The tune has changed during the 2021 season, as Shanahan’s 49ers have fallen far short of high expectations with a 3-5 record. What their slow start has done to Shanahan’s career win percentage (now .444) is one thing; what it’s done to public faith in Shanahan is another.
It’s peculiar that a coach not three seasons removed from a Super Bowl berth and who is at the forefront of the system that’s sweeping across the league is on the hot seat. Cleveland, Minnesota, New York, Green Bay—they’re all running spinoffs of Shanahan’s offense, to varying degrees of success. The explosion of head coaching hires from the branches of Shanahan’s coaching tree emphasizes just how good this offense is; Shanahan’s struggles in San Francisco remind us just how much more there is to being a head coach than running a good scheme.

That’s because head coaches wear different hats within the building—that’s just the nature of the job. Bill Belichick is a stellar defensive coach, but he’s also one of the league’s best culture-setters. Mike Tomlin’s another tremendous culture-setter, and he has his background in defense as well. All coaches want to be culture-setters, of course, but some are brought in more for their play-calling and designs: young guns like Matt LaFleur (definite hit!), Zac Taylor (maybe a hit!), and Brandon Staley (jury’s still out!) fit that description.
Coaches also have varying degrees of influence in the personnel department. Belichick is essentially the general manager in New England; Tomlin largely stays out of star general manager Kevin Colbert’s way. Most healthy franchises have a natural balance between their head coach and general manager, as the orthodox view of team-building sees the head coach try to build a team to win games now, and general managers try to build a team to win games later. Head coaches want veterans; general managers want flexible salary caps. It’s like a seesaw. Enough weight on each side holds healthy franchises in a quivering equilibrium. But the seesaw can also be nudged to one direction or the other to fit a team’s winning window. Rams general manager Les Snead isn’t building for the future—not with his team enjoying the primes of Jalen Ramsey and Aaron Donald; Lions head coach Dan Campbell isn’t clamoring for established veterans, as his team is in the first year of a rebuild.
That organizational fine-tuning is a key part of good team-building. But more teams than ever before are setting the fulcrum of that seesaw at different positions. The Philadelphia Eagles won a Super Bowl with head coach Doug Pederson, and then fired him a few seasons later after the team’s fortunes turned; after he was fired, it was revealed that Pederson didn’t have control over the active game-day rosters, that there were contentious splits between the coaching staff and front office about whom to draft. The Houston Texans had the opposite problem: Bill O’Brien had personnel control, following the model of his mentor in New England. O’Brien the head coach struggled to jell with star receiver DeAndre Hopkins, so O’Brien the general manager traded him to Arizona for pennies on the dollar. He made several other questionable moves (notably the Jadeveon Clowney trade and the Laremy Tunsil fiasco) during his tenure, and the Texans fired O’Brien after an 0-4 start in 2020 and are now back in rebuild mode.
From the day he landed in San Francisco, Shanahan has had more front-office control than the average head coach. San Francisco ended the 2016 season as the only team without a player on the roster to receive a single All-Pro vote. They were down as bad as any team in the league, and Shanahan was the man they tagged to pull them up.

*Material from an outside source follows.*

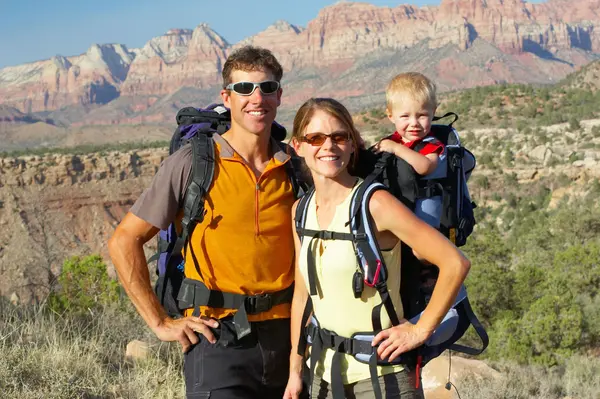 Family hiking outdoors in the Arizona desert near the West Valley of Phoenix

But he was hired for his offense. There are no two ways about that. That offense had elevated fourth-round pick Kirk Cousins to solid starting quarterback, and elevated solid starting quarterback Matt Ryan to MVP. It turned relatively unheralded running backs Arian Foster, Alfred Morris, and Devonta Freeman into 1,000-yard rushers.
You’ll notice, quickly, the strengths of the offense: It maximizes later-drafted, role-specific players. San Francisco kicked off its Shanahan era with that exact approach. The Niners acquired Garoppolo for a second-round pick midseason—a very cheap price for a potential starting quarterback—and got 100 carries and 400 yards out of rookie undrafted free agent running back Matt Breida. Two years later, in 2019, the Niners would take that Garoppolo-led offense all the way to the Super Bowl, sitting late in the fourth quarter with a two-score lead on the Patrick Mahomes–led Kansas City Chiefs.
Not quite a 25-point lead—not that Shanahan would know anything about those.
That Super Bowl appearance was the realization of the plan. Shanahan had brought one of the league’s best offenses to San Francisco, and it was a contender.
It also concealed the upcoming problem.
Remember Breida? He was the 49ers’ leading rusher in 2018, after Jerick McKinnon and Raheem Mostert went down with injury. Before that, in 2017, it was Carlos Hyde, a holdover from the previous regime; in 2019, it was Mostert, a league journeyman and career special-teamer; in 2020, it was Jeff Wilson Jr., who’d been floating around on the roster for the previous two years. Injuries forced Shanahan to run through all his options at running back, and still, through the strength of his system, the 49ers rushing offense was finding success: Only once in four seasons were they below average in rushing offense DVOA.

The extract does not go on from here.